## What to produce
All the lines below need retyping exactly, apart from the images.

## Dataset extract

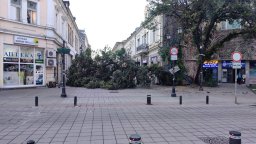 Огромно дърво се разцепи и рухна в пешеходния център на Русе (видео)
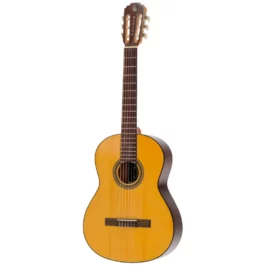 PLEYEL P100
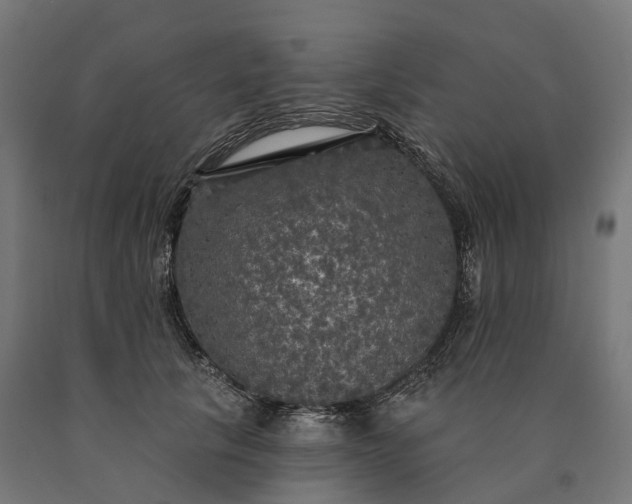 X0000090770657200708031653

## Response to this task
 Огромно дърво се разцепи и рухна в пешеходния център на Русе (видео)
 PLEYEL P100
 X0000090770657200708031653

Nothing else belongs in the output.